Google has an unoffciale text to speech API. It can be accessed by http requests but it is limited to strings with less than 100 characters. In this post we will see how to split a text longer than 100 characters in order to obtain a correct voice intonation with this service.
The approach is straighforward, we split the text in sentences with less than 100 characters according to the punctuation. Let's see how:
def parseText(text):
""" returns a list of sentences with less than 100 caracters """
toSay = []
punct = [',',':',';','.','?','!'] # punctuation
words = text.split(' ')
sentence = ''
for w in words:
if w[len(w)-1] in punct: # encountered a punctuation mark
if (len(sentence)+len(w)+1 < 100): # is there enough space?

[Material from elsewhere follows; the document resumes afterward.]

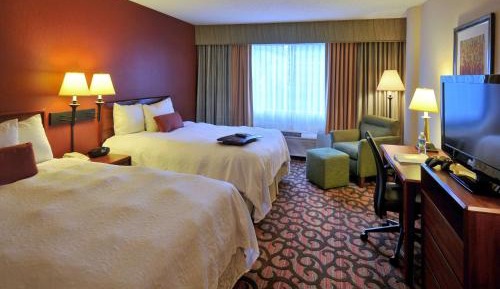 Room with Two Queen Beds - Non-Smoking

sentence += ' '+w # add the word
toSay.append(sentence.strip()) # save the sentence
else:
toSay.append(sentence.strip()) # save the sentence
toSay.append(w.strip()) # save the word as a sentence
sentence = '' # start another sentence
else:
if (len(sentence)+len(w)+1 < 100):
sentence += ' '+w # add the word
else:
toSay.append(sentence.strip()) # save the sentence
sentence = w # start a new sentence
if len(sentence) > 0:
toSay.append(sentence.strip())
return toSay
Now, we can obtain the speech with a http request for each setence:
text = 'Think of color, pitch, loudness, heaviness, and hotness. Each is the topic of a branch of physics.'
print text
toSay = parseText(text)
google_translate_url = 'http://translate.google.com/translate_tts'
opener = urllib2.build_opener()
opener.addheaders = [('User-agent', 'Mozilla/4.0 (compatible; MSIE 6.0; Windows NT 5.0)')]

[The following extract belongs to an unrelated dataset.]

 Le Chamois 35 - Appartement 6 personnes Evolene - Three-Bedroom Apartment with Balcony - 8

for i,sentence in enumerate(toSay):
print i,len(sentence), sentence
response = opener.open(google_translate_url+'?q='+sentence.replace(' ','%20')+'&tl=en')
ofp = open(str(i)+'speech_google.mp3','wb')
ofp.write(response.read())
ofp.close()
os.system('cvlc --play-and-exit -q '+str(i)+'speech_google.mp3')
The API returns the speech using the mp3 format. The code above saves the result of the query and plays it using vlc.